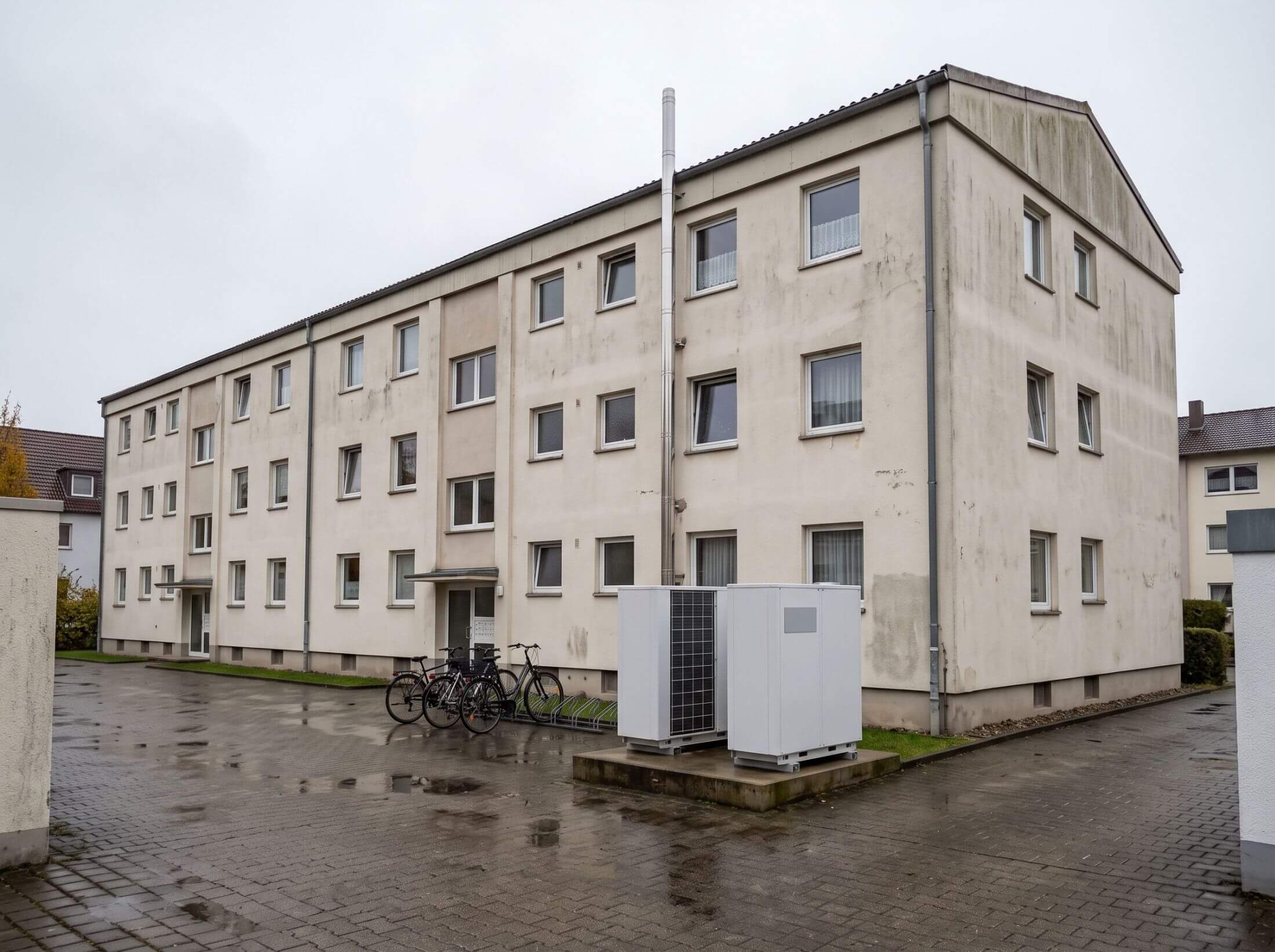 Wohnanlage aus den 1970er-Jahren mit Abgasrohr auf dem Dach und zwei Wärmepumpen-Außeneinheiten im Innenhof bei Nieselregen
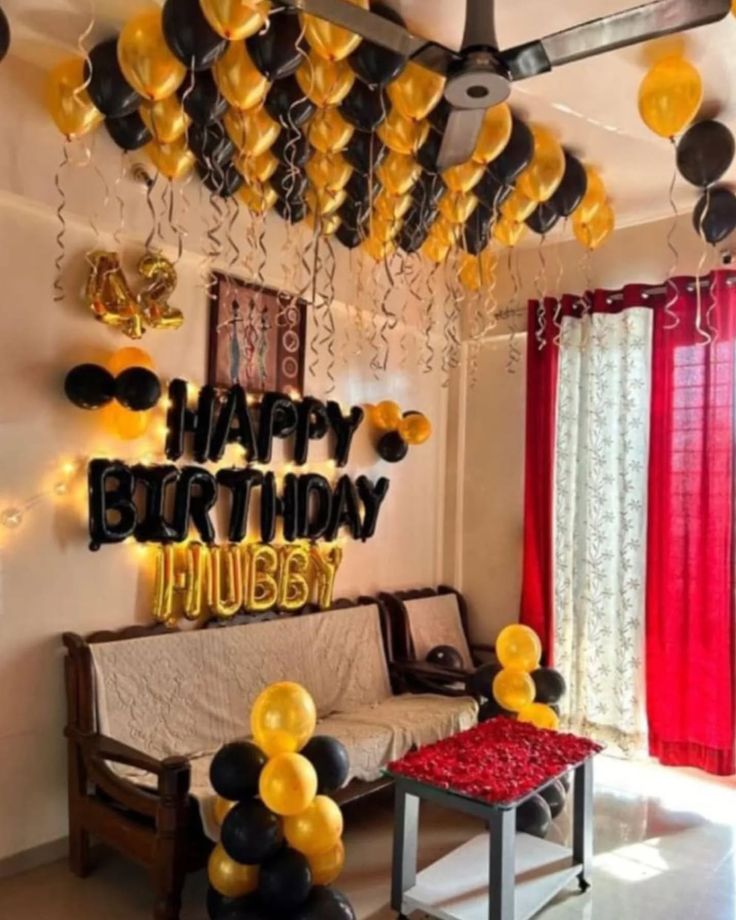 Black & Gold Hubby Surprise Ceiling Balloon Setup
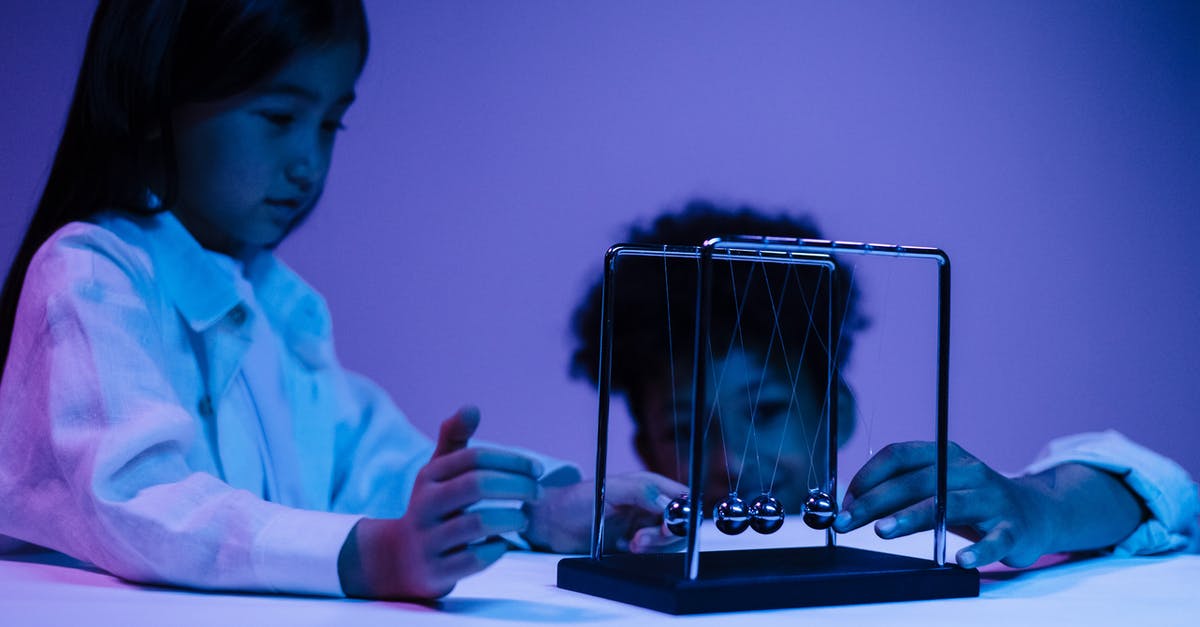 Playing Minecraft Demo Mode Immediately by Moving Files - Boy and girl playing with newton s cradle in a blue light
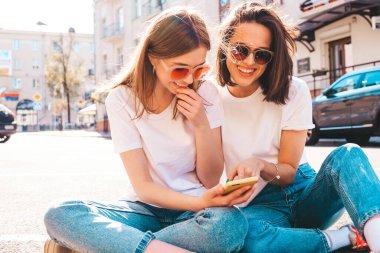 Son moda beyaz tişörtlü ve kot pantolonlu iki güzel gülümseyen yeniyetme kadın. Sokakta arka planda poz veren kaygısız kadınlar. Akıllı telefon uygulamaları kullanan, ekrana bakan pozitif modeller.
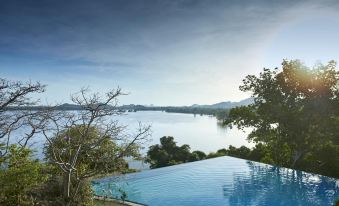 a large , blue swimming pool surrounded by trees and mountains , with the sun setting in the background at Heritance Kandalama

**What you have to do**
If a picture falls within the lines from the one containing "Son moda beyaz" through the end of the material, leave it out while repeating those lines exactly.

**Worked solution**
 Son moda beyaz tişörtlü ve kot pantolonlu iki güzel gülümseyen yeniyetme kadın. Sokakta arka planda poz veren kaygısız kadınlar. Akıllı telefon uygulamaları kullanan, ekrana bakan pozitif modeller.
 a large , blue swimming pool surrounded by trees and mountains , with the sun setting in the background at Heritance Kandalama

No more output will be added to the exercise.